Again, following a pair of protagonists who this time around share a common nickname, Shallistera and Shallotte are both on a mission to solve the world’s water issue. The sea has dried up, creating a new home for all types of monsters, and before there isn’t any more usable water, this team of alchemists make it their journey to save the world again. Shallistera is the chieftain’s daughter in a small village that is currently hurting more than most in this crisis, and Shallotte is a low-wage worker from the city who is looking to help out while finding some fame and fortune. This drought is threatening everyone is this, again, shared world and another cast of characters is taking up the helm.
Alchemy continues to be a mainstay for this series and Atelier Shallie is no different. Luckily, things have continued to improve since Ayesha and we now have something I can safely say I enjoyed. Even though a deep-rooted crafting system based around the monotonous gathering of ingredients isn’t the best, the scattered tutorials, streamlined ingredients list, and upgraded way in which you can add bonus traits to items and weapons seriously improve every portion of this mechanic. This is by far the best iteration of how alchemy works but having better ways to obtain crafting parts would make it even better.
Combat has also seen some improvement.
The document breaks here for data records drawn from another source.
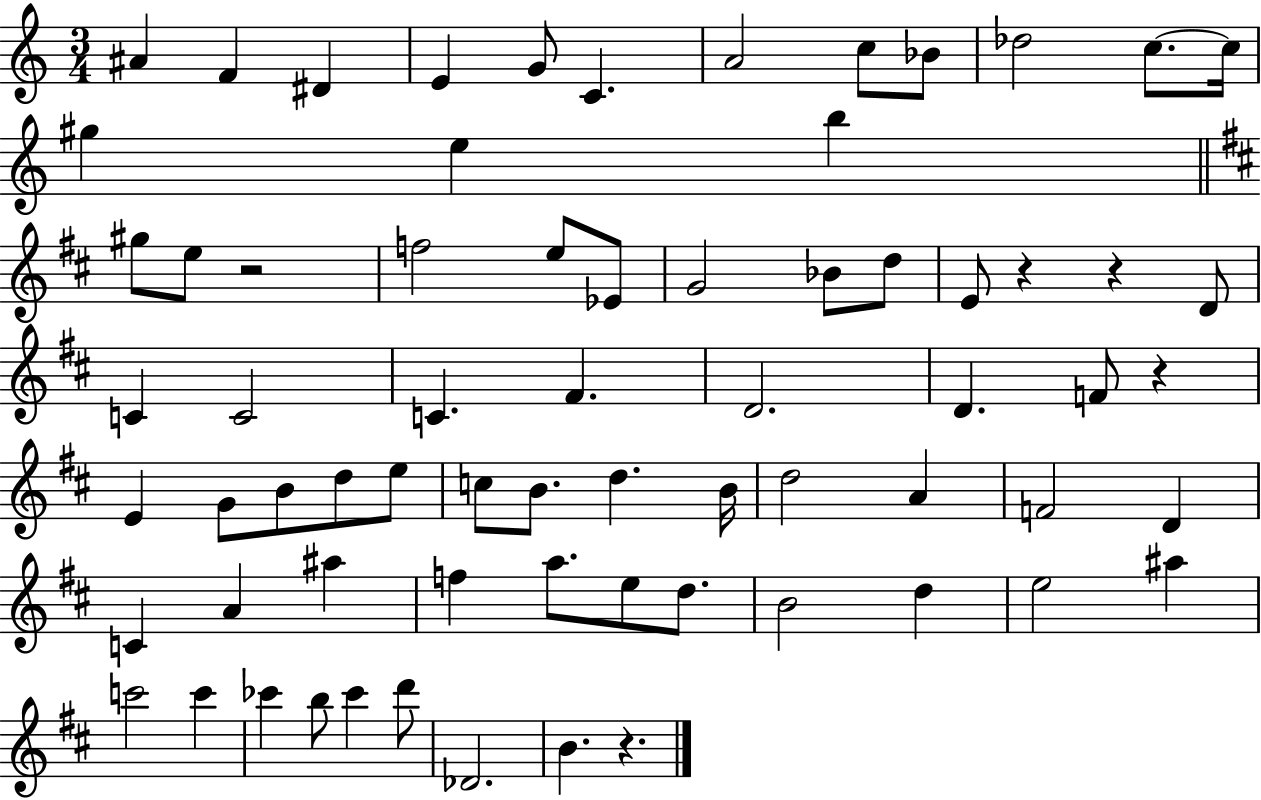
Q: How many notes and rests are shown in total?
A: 69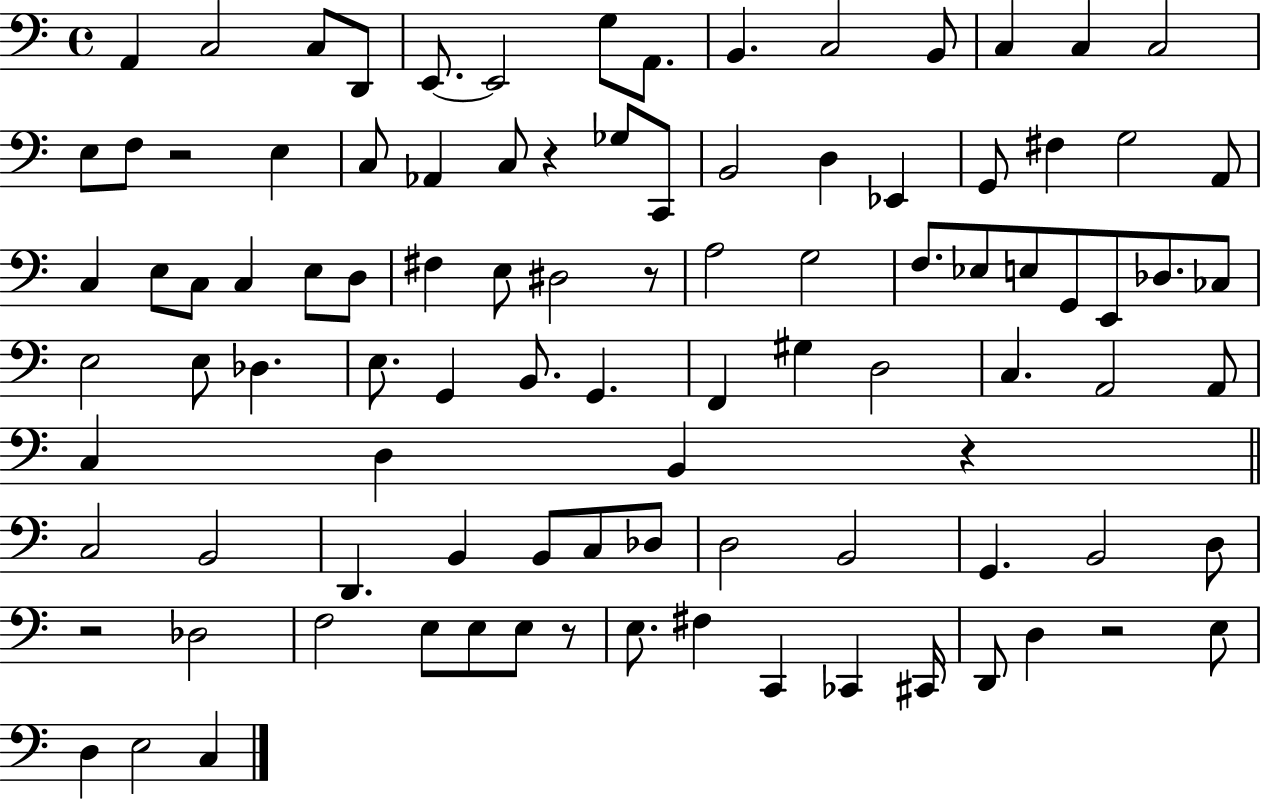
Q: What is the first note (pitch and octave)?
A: A2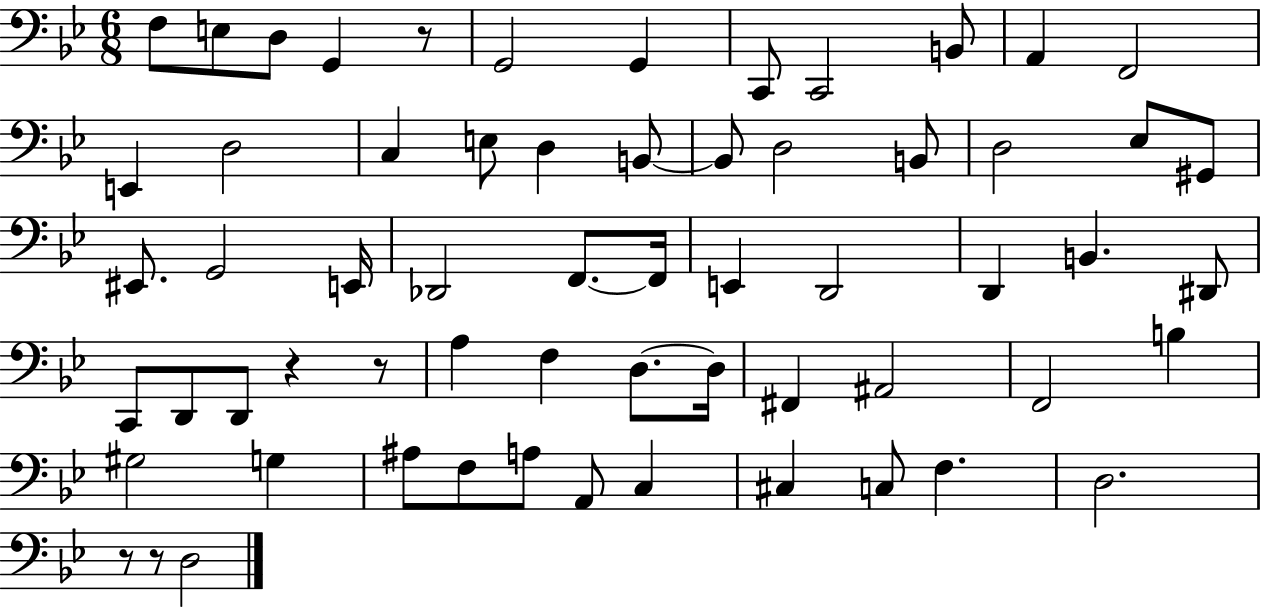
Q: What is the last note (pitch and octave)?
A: D3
Adding in an ever-filling burst bar during fights that allows for destructive attacks from your cohorts makes the build-up through this super basic combat system more enjoyable and it felt like fights went quicker because I had something to work towards outside of just pegging down some health bars.
The best improvement in Atelier Shallie is the fact you no longer have to rush through the entire game. The time management mechanic has been eradicated and I couldn’t be happier about it. You can now safely take your time through each section of the game and see everything that you’d like to see before moving on in the story. However, there is still some things you must complete before you can move forward. “Life Tasks” prompt players to to complete fairly easy, random objectives like “defeat this monster…” or “gather this many of this ingredient…”. Although simple, they don’t add much to the game, even if it’s hard to complain after repealing the timer.
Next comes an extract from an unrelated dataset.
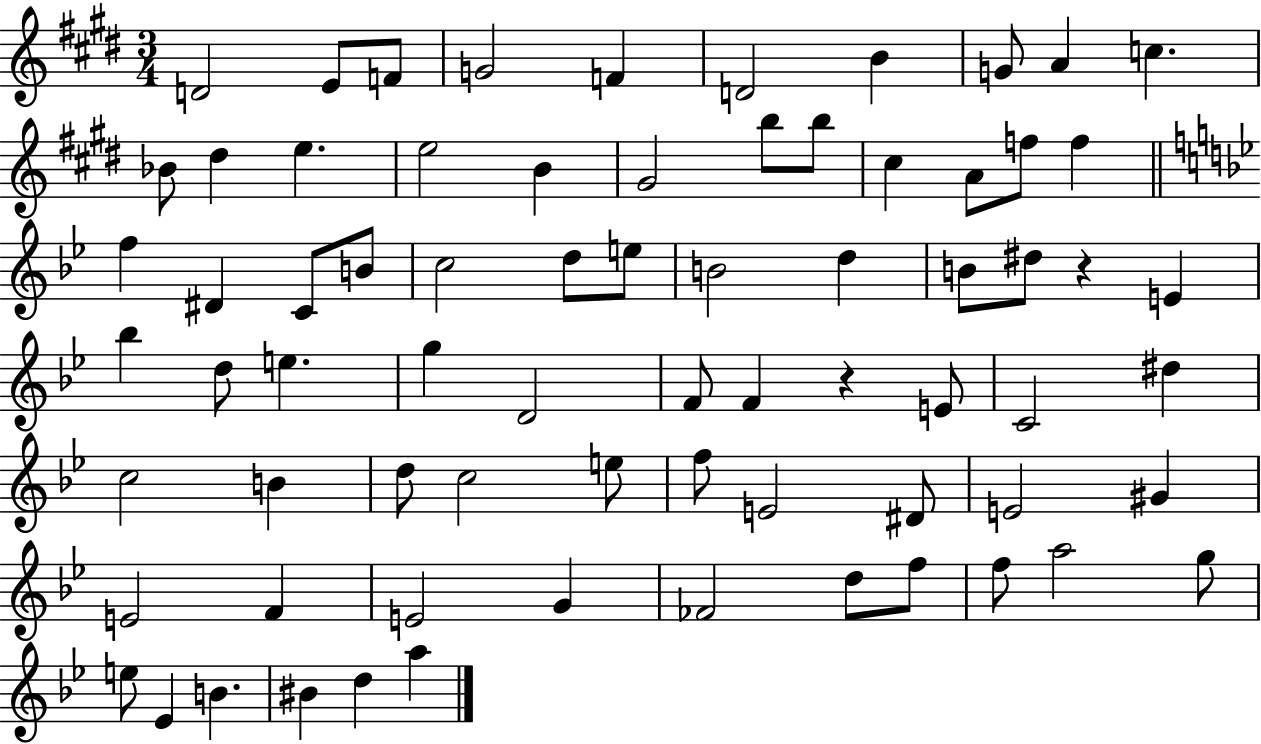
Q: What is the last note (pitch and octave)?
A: A5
Atelier Shallie: Alchemists of the Dusk Sea DX shows just how much the developers took into account how the player-base felt during the original PlayStation 3 releases. Escha & Logy improved the formula, but Shallie brought it to a peak. As much as I can recommend this title if you’re looking for an Atelier game, it is still a pretty basic JRPG.
Atelier Shallie: Alchemists of the Dusk Sea DX £32.99
Atelier Shallie: Alchemists of the Dusk Sea DX culminates this trilogy into an experience I can finally recommend. If you’re looking for a good Atelier title, then look no further, but JRPG veterans will still probably find it too simple.